Jeff Gordon Reacts to Steve Phelps Resigning as NASCAR President

Jeff Gordon reacts to Steve Phelps stepping down as NASCAR commissioner, calling him “hard to replace” but saying the reset was necessary.

  • Fahad Hamid
  • 4 min read
Jeff Gordon Reacts to Steve Phelps Resigning as NASCAR President
© Adam Cairns/Columbus Dispatch / USA TODAY NETWORK via Imagn Images

NASCAR leadership news usually lands with all the glamour of a spreadsheet, until it comes with courtroom baggage and the kind of text-message phrasing you definitely don’t want read aloud in public. That’s the setup for Steve Phelps stepping down as NASCAR commissioner at the end of January, less than a year after taking the newly created role.

And because nothing in motorsports stays quiet for more than five seconds, Jeff Gordon weighed in with the most “adult in the room” reaction you could ask for. He praised Phelps for what he did right, plus a blunt acknowledgment that the timing—given everything that has happened—makes this a transition NASCAR probably had coming.

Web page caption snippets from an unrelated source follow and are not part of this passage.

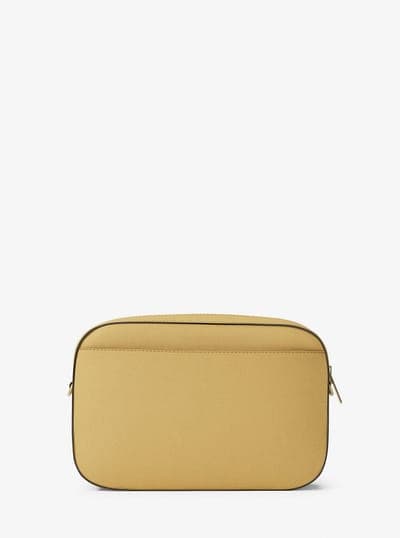 Jet Set Large Saffiano Leather Crossbody Bag 7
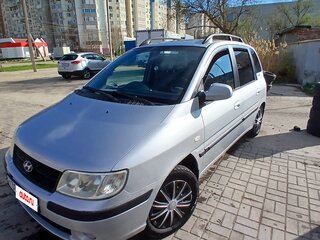 2006 Hyundai Matrix I Рестайлинг, серебристый, 645000 рублей, вид 1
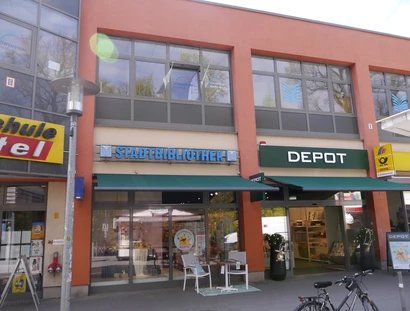 Stadtteilbibliothek Berlin-Buch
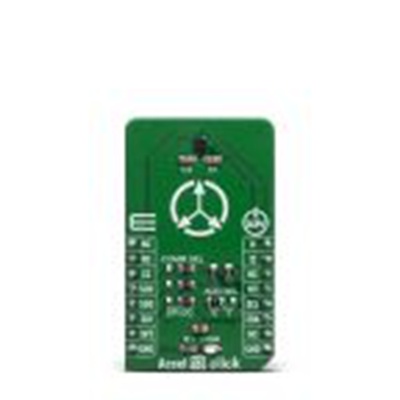 MikroElektronika,MIKROE-3742,MikroElektronika  Accel 13 Click 开发套件, IIS2DLPC芯片, 用于mikrosdk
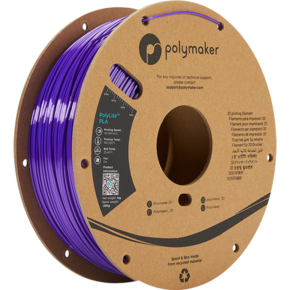 Polymaker PolyLite SILK PLA - 1kg - Ljubičasta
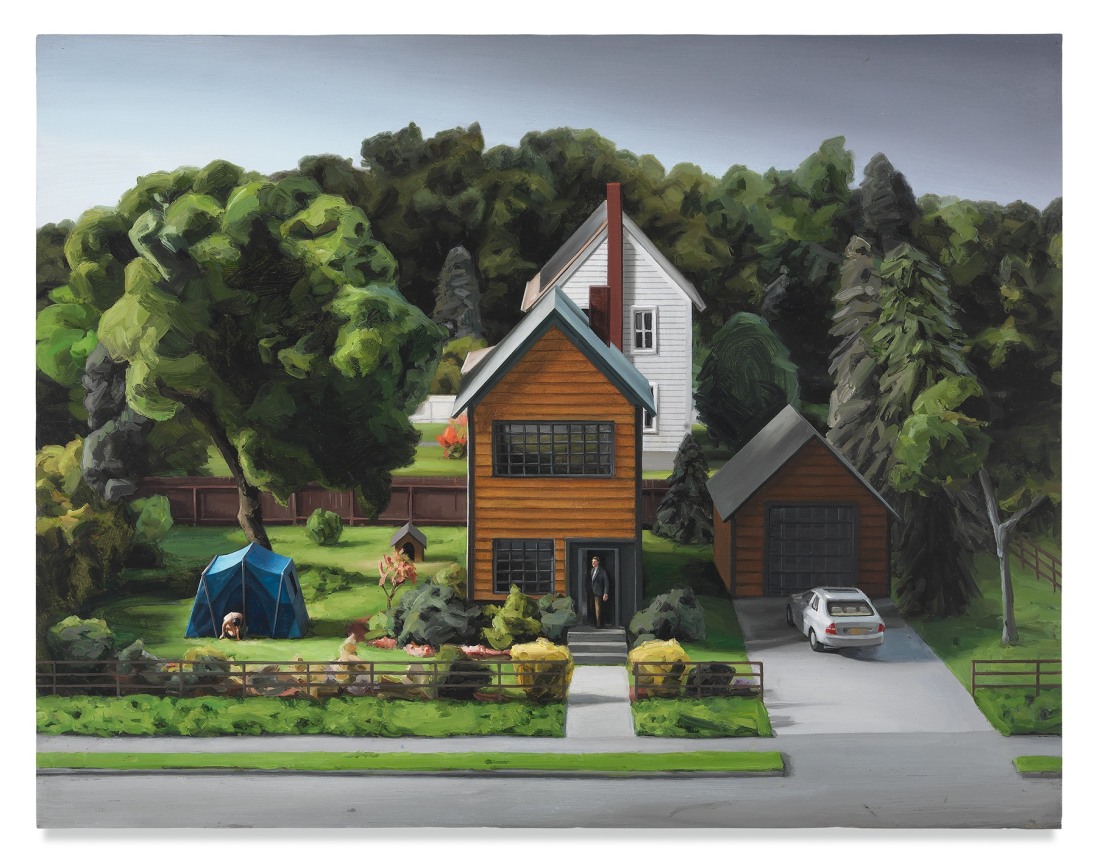 Amy Bennett, Doghouse, 2018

If you’ve watched Jeff Gordon grow from the kid who made people mad by winning too much into the executive who has to smile politely in meetings, you know he doesn’t usually fire off hot takes just for the thrill of it. Gordon said Phelps had a rare ability to move between different groups in the sport—broadcast partners, manufacturers, competitors, tracks, sponsors, media—and that kind of connective leadership will be “hard to replace.”

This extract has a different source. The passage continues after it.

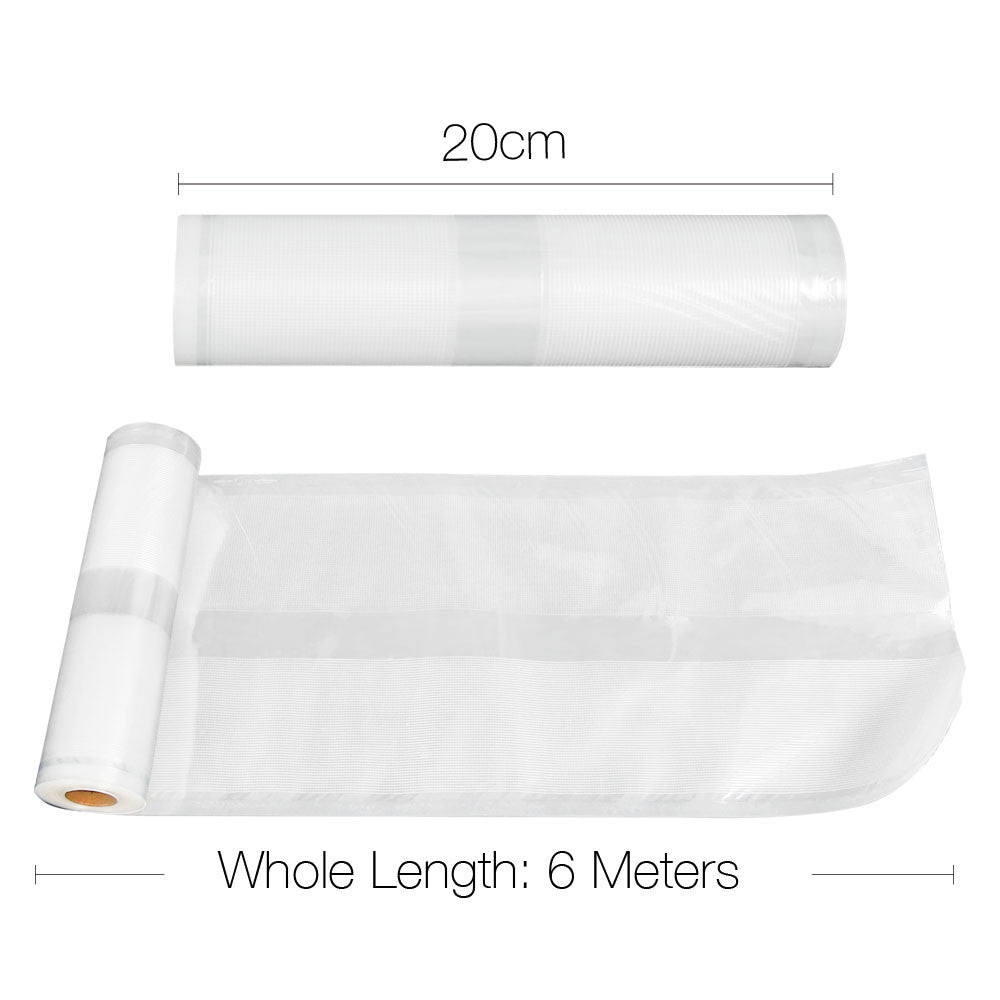 Set of 2 6m Food Sealer Rolls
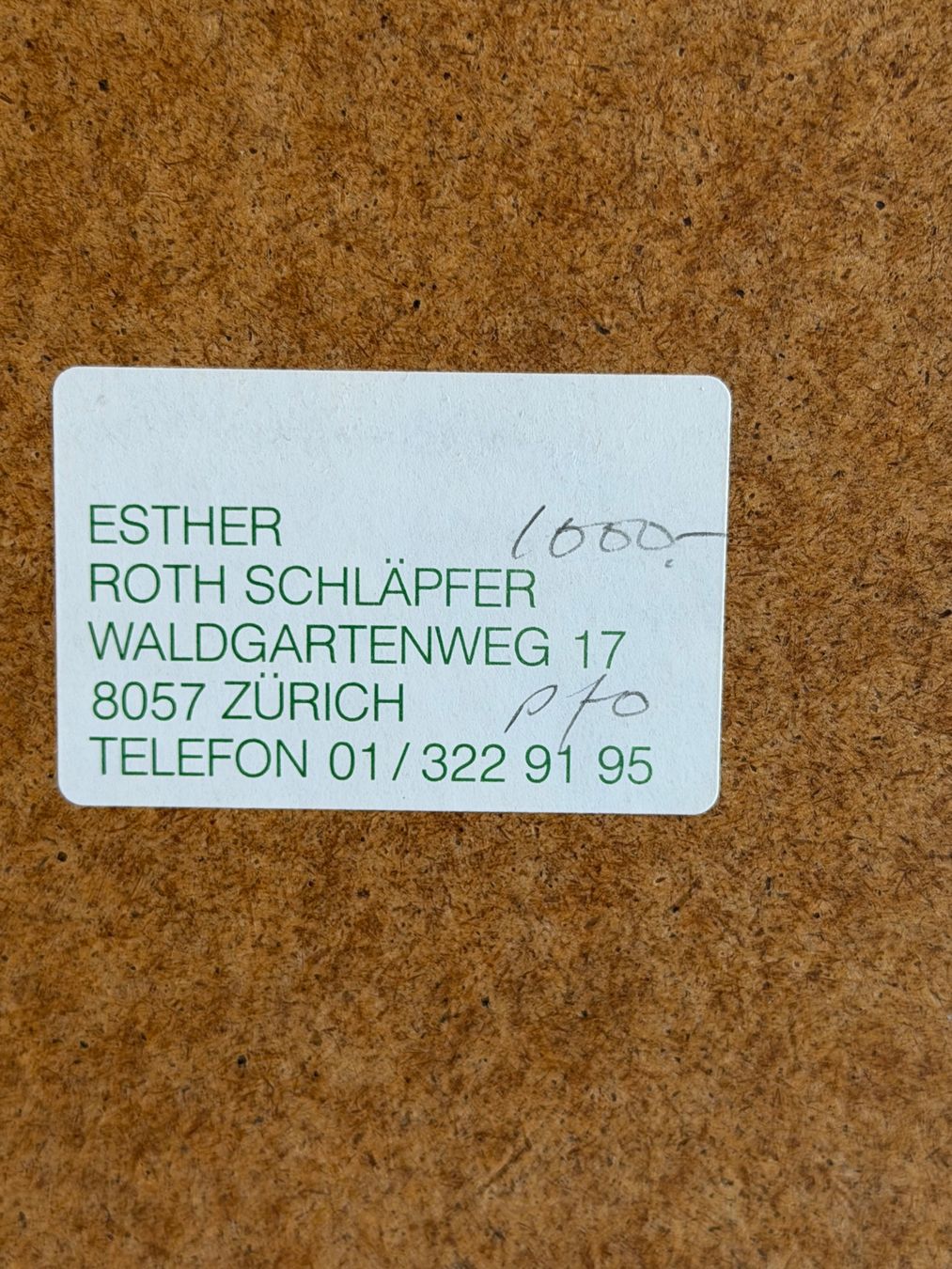 Dipinti: ESTHER ROTH SCHLÄPFER  gemischte Technik – Nuovo (secondo la descrizione) da Basel venduto da PAUL_ART 6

Then he followed it with the line that tells you exactly where the temperature is: Gordon called the moment a “necessary transition point,” saying Phelps helped position NASCAR for its next chapter, and now it’s on the industry’s leaders to build on that foundation and keep the sport moving forward.

1. Why Steve Phelps Is Leaving NASCAR at the End of January

Officially: Phelps is resigning at the end of January after a 20-year run at NASCAR that began in 2005 and included roles like president before he became commissioner. Unofficially: his exit follows weeks of scrutiny connected to a federal antitrust lawsuit involving 23XI Racing (co-owned by Michael Jordan and Denny Hamlin) and Front Row Motorsports. During discovery, messages from Phelps became public—most notably a text exchange where he used a derogatory insult about team owner Richard Childress and wrote that Childress “needs to be taken out back and flogged.” The blowback wasn’t small, and it wasn’t contained to social media shouting. AP reports that Bass Pro Shops founder Johnny Morris wrote a letter demanding Phelps’ removal. The lawsuit was settled in December. And now, NASCAR is moving forward without him—whether you read that as “fresh start” or “we’d like this story to stop being the story.”

2. Phelps’ Statement Sounds Like a Goodbye Letter

Phelps’ public statement reads like someone trying to close the book without ripping the pages out. He said he was proud to have served as NASCAR’s first commissioner and highlighted the “passion of our fans” and the dedication of teams and partners. He also said he plans to pursue opportunities outside the organization. None of that erases the reason this is happening, but it does underscore something people often forget. Even in NASCAR, where drama is essentially a secondary fuel source, the top job still comes with real personal consequences.

3. What Gordon Means by “Necessary Transition”

When Gordon calls it a necessary transition, he’s not just talking about replacing a title on a business card. He’s talking about NASCAR trying to stabilize its credibility while asking teams, sponsors, and fans to refocus on racing again. And Gordon isn’t pretending Phelps didn’t matter. He credited Phelps for pushing NASCAR to take smart risks and be more welcoming to new and existing fans—basically, the stuff that helps the sport grow beyond its usual bubble. But the subtext is obvious: when leadership becomes the headline, racing loses. NASCAR wants the product to be the product again. Here’s the part that will either calm you down or make you squint suspiciously: NASCAR says it has no immediate plans to replace Phelps as commissioner. Instead, responsibilities are being distributed internally, with President Steve O’Donnell and the existing leadership team overseeing operations. On paper, that’s “stability.” In practice, it’s NASCAR telling everyone that they are not starting a messy public search while the sport’s already trying to climb out of a messy public story.